((

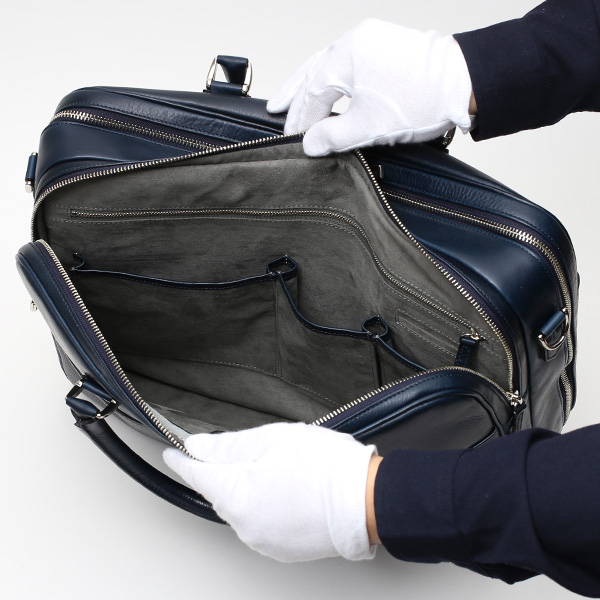 ブリーフケース メンズ 本革 ビジネスバッグ 2気室 日本製 ブルー ネイビー 青色 ショルダーベルト付き 肩掛け 無地 鞄 カバン 通勤 高級 シンプル 大容量 ファイブウッズ(FIVE WOODS) HORIZON(ホライズン) #39244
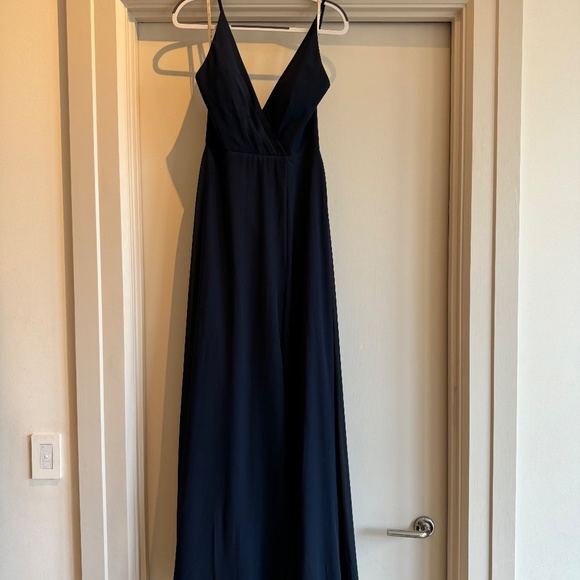 Jenny Yoo "Bryce" Dress in Navy Luxe Chiffon - Picture 2 of 5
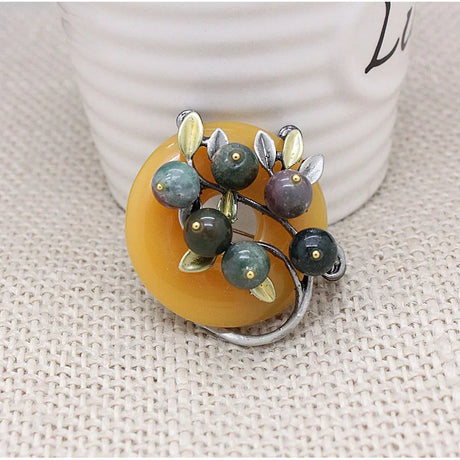 5 Colors Vintage Plant  Brooch High-end Nature Stones Brooch Beautiful Pins For Women New 2016 FBRO053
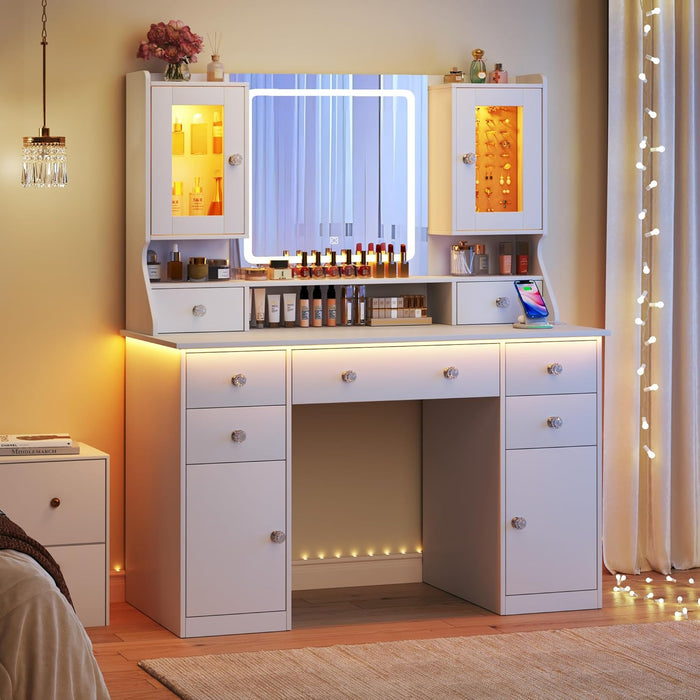 Vanity Desk with Mirror & Lights, 42‘’ Large Makeup Vanity with 2 RGB Jewelry Cabinets & 7 Drawers, White Vanity Table Set with Charging Station, Dressing Table with Lights Desk, 3 Light Modes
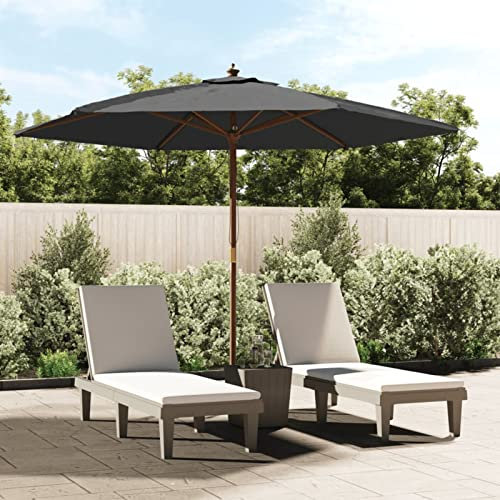 Festnight Ombrellone, Ombrellone da Giardino, Ombrellone da Spiaggia, Ombrellone da Esterno con Palo in Legno Antracite 299x240 cm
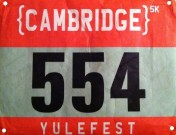 Cambridge 5K Yulefest bib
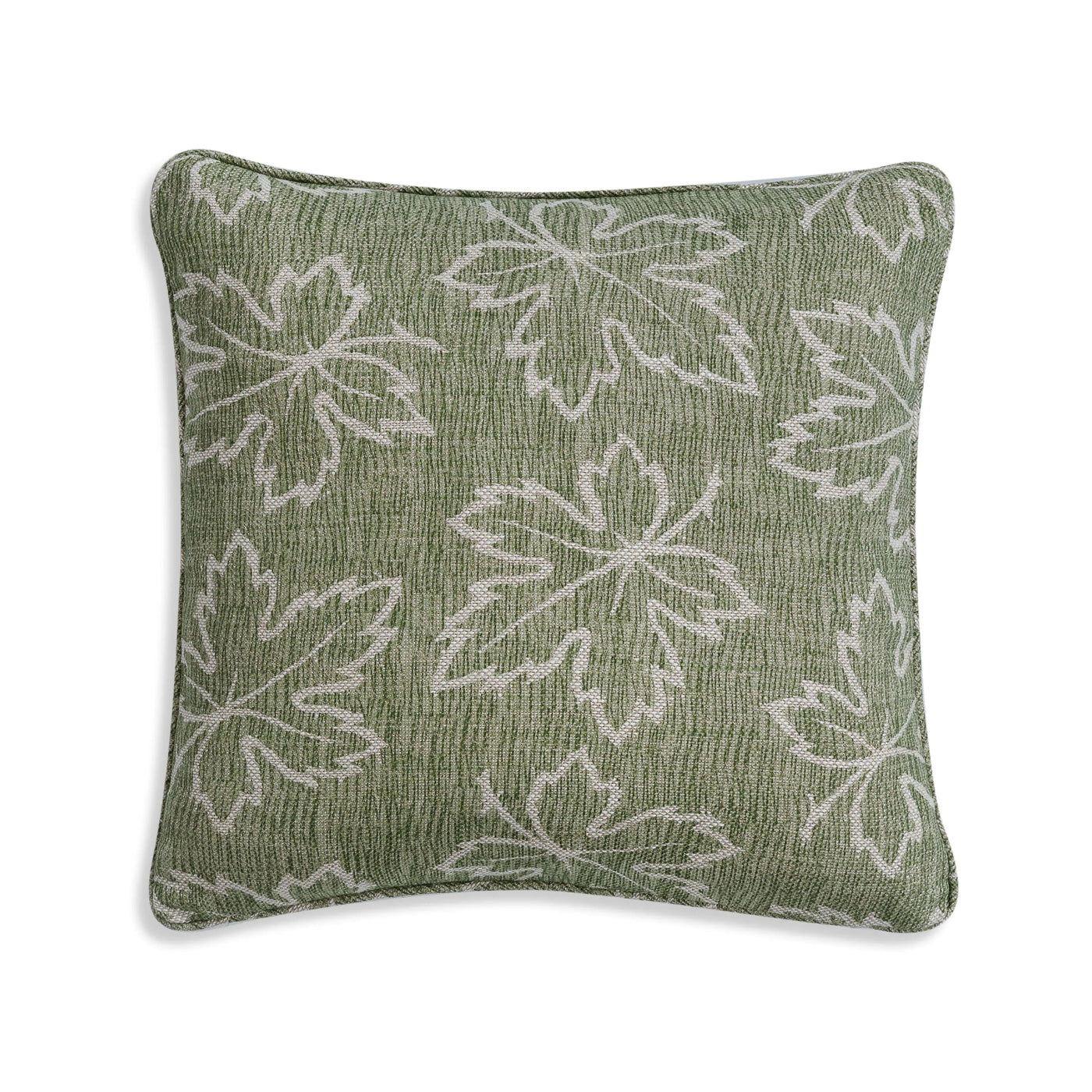 Small square designer Fermoie cushion in Green Maple fabric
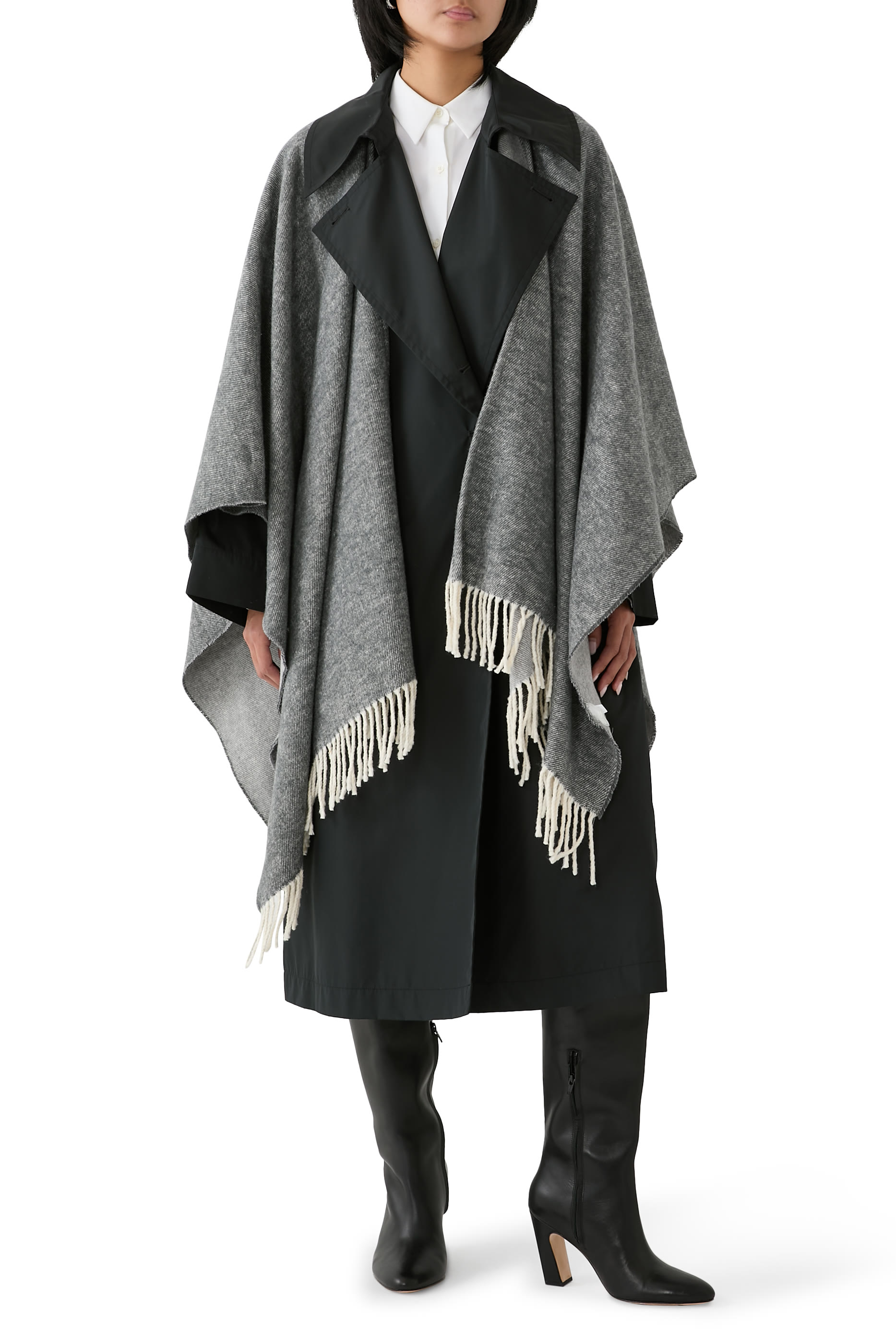 Brushed Recycled Cotton Cashmere Poncho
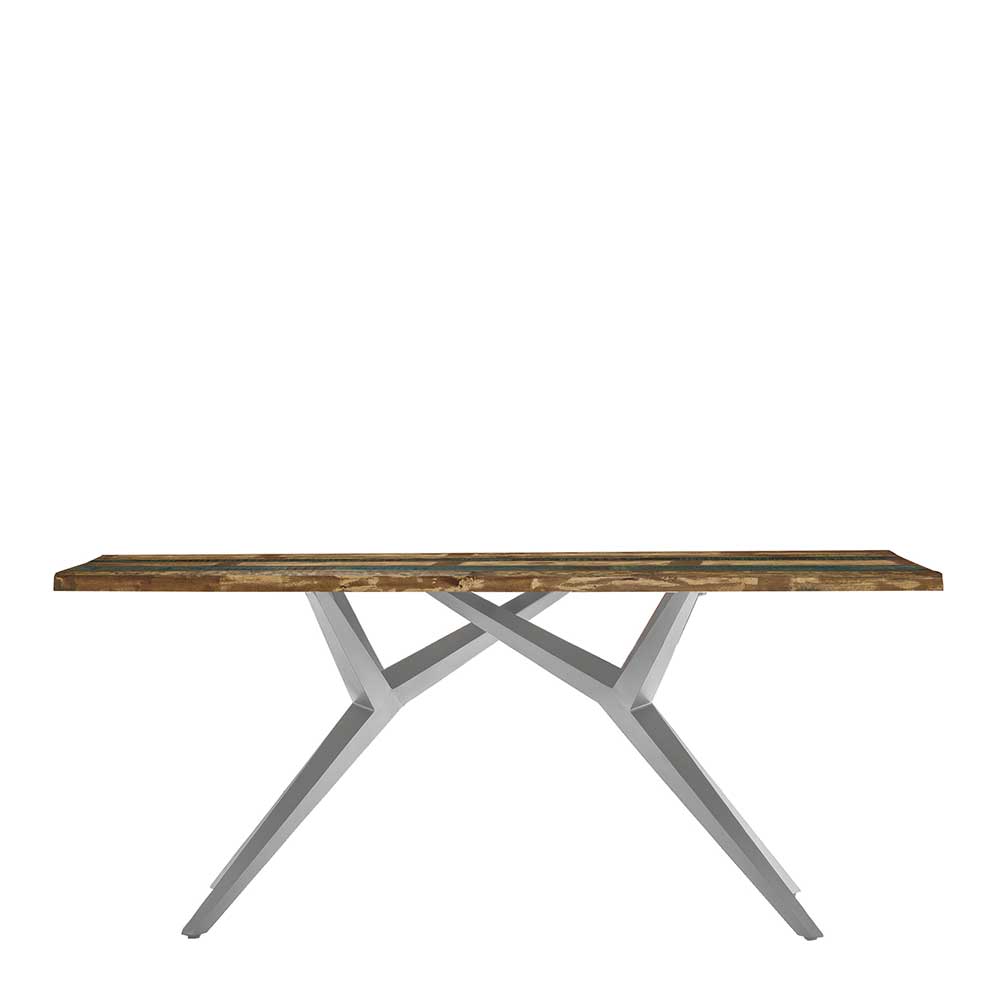 Design Tisch mit bunter Altholzplatte Shabby - Enyi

))

An exact transcription of all the entries is required, without the pictures.

- RESULT:
 ブリーフケース メンズ 本革 ビジネスバッグ 2気室 日本製 ブルー ネイビー 青色 ショルダーベルト付き 肩掛け 無地 鞄 カバン 通勤 高級 シンプル 大容量 ファイブウッズ(FIVE WOODS) HORIZON(ホライズン) #39244
 Jenny Yoo "Bryce" Dress in Navy Luxe Chiffon - Picture 2 of 5
 5 Colors Vintage Plant  Brooch High-end Nature Stones Brooch Beautiful Pins For Women New 2016 FBRO053
 Vanity Desk with Mirror & Lights, 42‘’ Large Makeup Vanity with 2 RGB Jewelry Cabinets & 7 Drawers, White Vanity Table Set with Charging Station, Dressing Table with Lights Desk, 3 Light Modes
 Festnight Ombrellone, Ombrellone da Giardino, Ombrellone da Spiaggia, Ombrellone da Esterno con Palo in Legno Antracite 299x240 cm
 Cambridge 5K Yulefest bib
 Small square designer Fermoie cushion in Green Maple fabric
 Brushed Recycled Cotton Cashmere Poncho
 Design Tisch mit bunter Altholzplatte Shabby - Enyi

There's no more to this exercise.